Well it's not 100% on topic of the thread but what do you guys and girls think about me designing a chaos lander that basically takes the place of the thunderhawk? I'm just a little tired of so many chaos vehicles being just Imperial vehicles with a new paitn job and some chaosy symbols. But it's not just that either. While the Imperium stagnates with their technology I don't think the dark mechanicus limits themselves so much so I imagine in the last 10,000 years -someone- in the dark mechanicus must have designed something new.

So my idea is something of a replacement for the thunderhawk with some new design features the main one being a variable chassis design. One basic chassis will be used on which a variety of major variants to fulfill a variety of battle field roles.

First of all the troop transport. Made to drop only 24 marines or 12 terminators or 14 marines and a dread it is designed as something of a compact lightly armed drop shuttle.
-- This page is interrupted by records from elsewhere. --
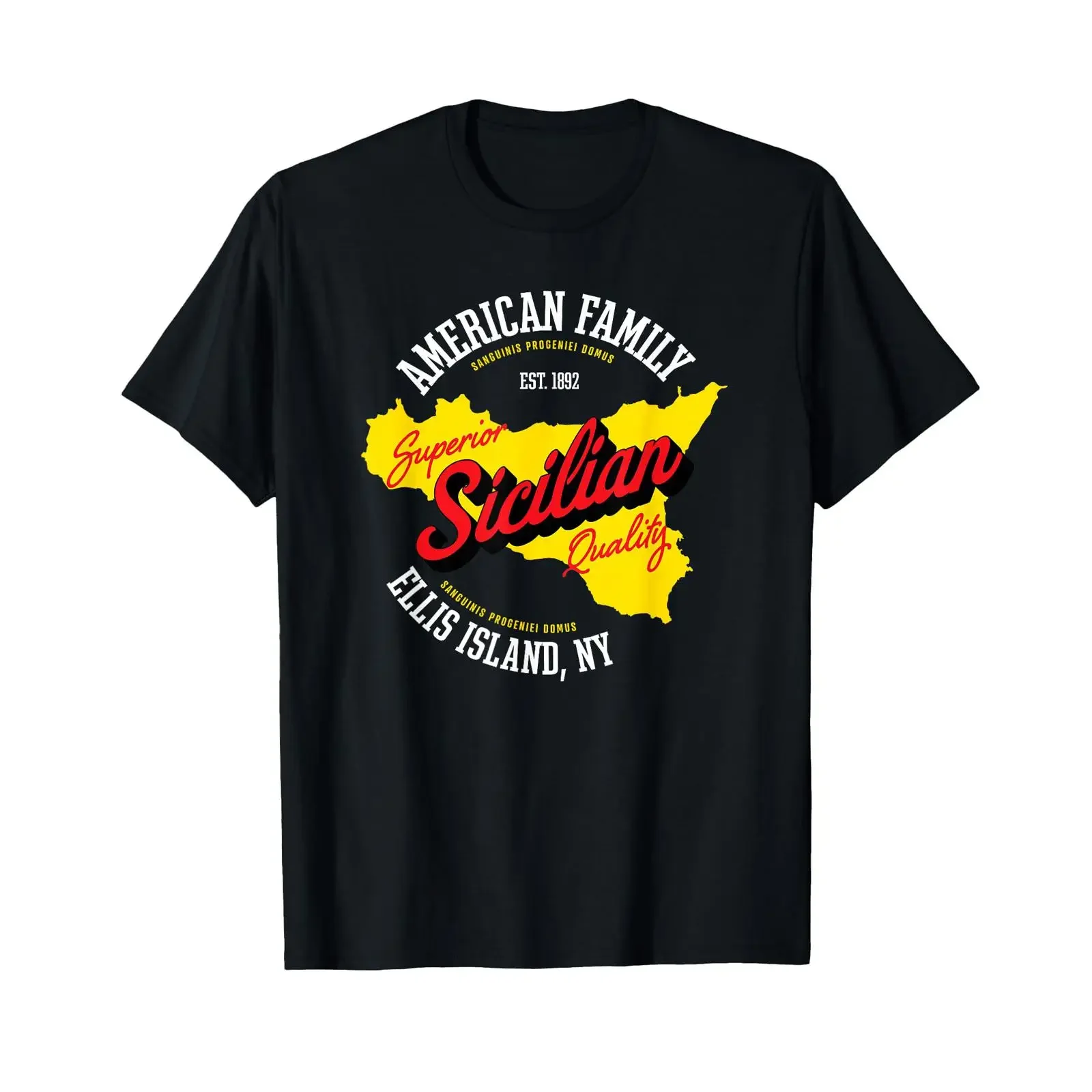 Sicilian Pride Superior Ellis Island NY T Shirt vintage Washed Stretched streetwear Stylish Breathable Versatile fashion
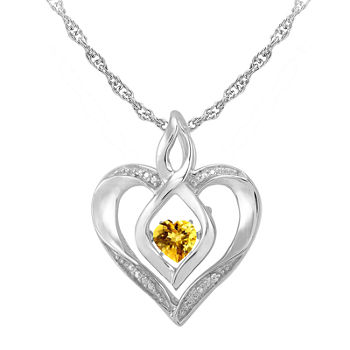 Love in Motion™ Genuine Citrine & Diamond-Accent Sterling Silver Heart Pendant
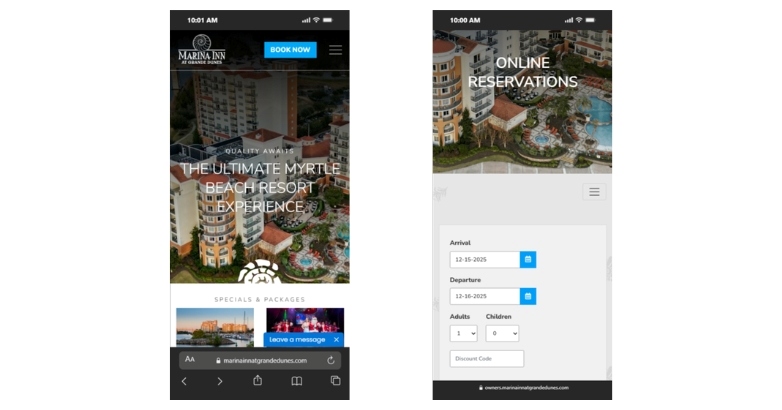 Mobile device displaying a hotel app, highlighting the trend of mobile-first booking in hotel digital marketing.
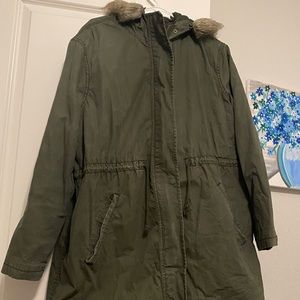 Green winter parka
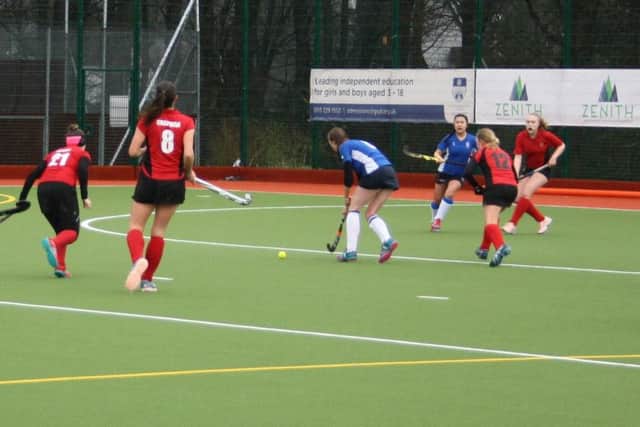 Action from Leeds Hockey Ladies 3rds' clash with City of York.
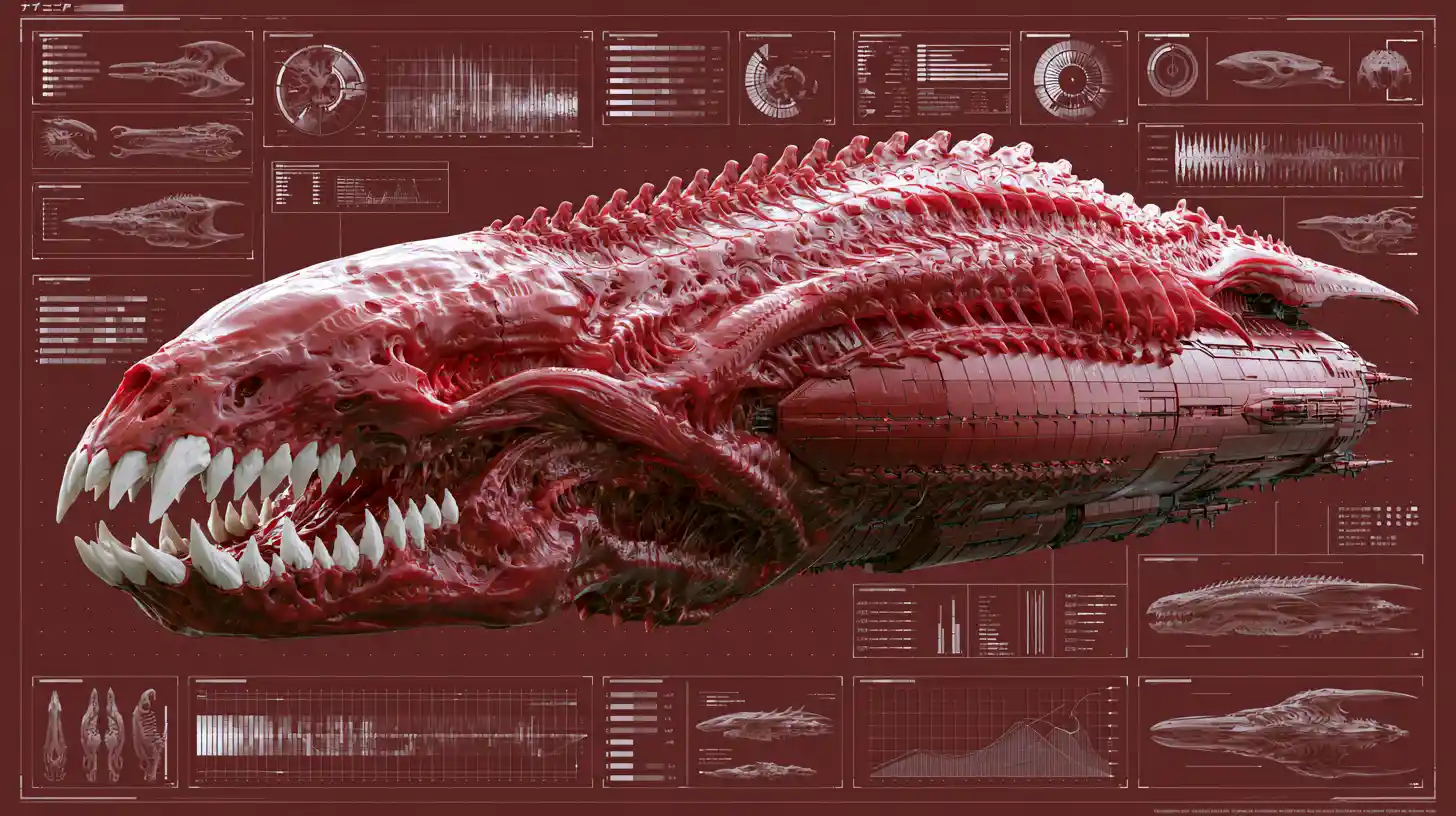 Alien skull space destroyer with organic armored hull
It will have 4 land raider sized sponsons with something like heavy bolters or an option to upgrade to lascannons for additional points and loss of 4 troop spaces.

Secondly is the gunship variant which I think will have about as much firepower as a Baneblade. It is made to support the other variants mainly but works equally well as a super heavy gunship flyer of uber killiness. Because it lacks size and transport capacity it can be cheaper than a thunderhawk while still working well as an attack craft. I'm thinking of a chin turret that mounts something like a twin linked destroyer laser then the four land raider sized sponsons and likely a large missile system.

Third is my own version of the thunderhawk lifter but somewhat downsized. It is made to carry one piece of armour up to the size of a land raider. I know that sounds just like the thunderhawk transporter but if it carries a rhino or pred it can't carry a second one. It would likely only have two land raider sized sponsons so it is rather ineffective in combat which is it's big downside. I have considered an upgrade to it that adds extra/larger boosters to let it drop a baneblade but I'm not sure if that sort of load up-weighting is reasonable at all and thinking if my CNC work comes along nice I -might- build a bigger version for baneblades.

The fourth and likely last variant is the bomber. I have considered one with an enclosed bomb bay that would be similar to the troop variant but I think an open super structure like the heavy lifter variant would be more fun to load up with bomb racks. Also this would mean the different between two frontal sponsons for defence and four sponsons making it less of a bomber specialist.


----------



## Da Red Paintjob Grot (May 6, 2008)

I like. Make me one!


----------



## Dakingofchaos (Sep 29, 2009)

Heres a picture i found, its not a GW model but it looks rather cool as a concept piece


----------



## chromedog (Oct 31, 2007)

That's an epic scale one, in case you were wondering.

The Rhinos give it away - as do the epic robots and epic RT period SM dreadnoughts.

It's part Star Wars Y-wing kit (around 1/72, it was an MPC or Ertl kit from memory (predating the Revell series).


----------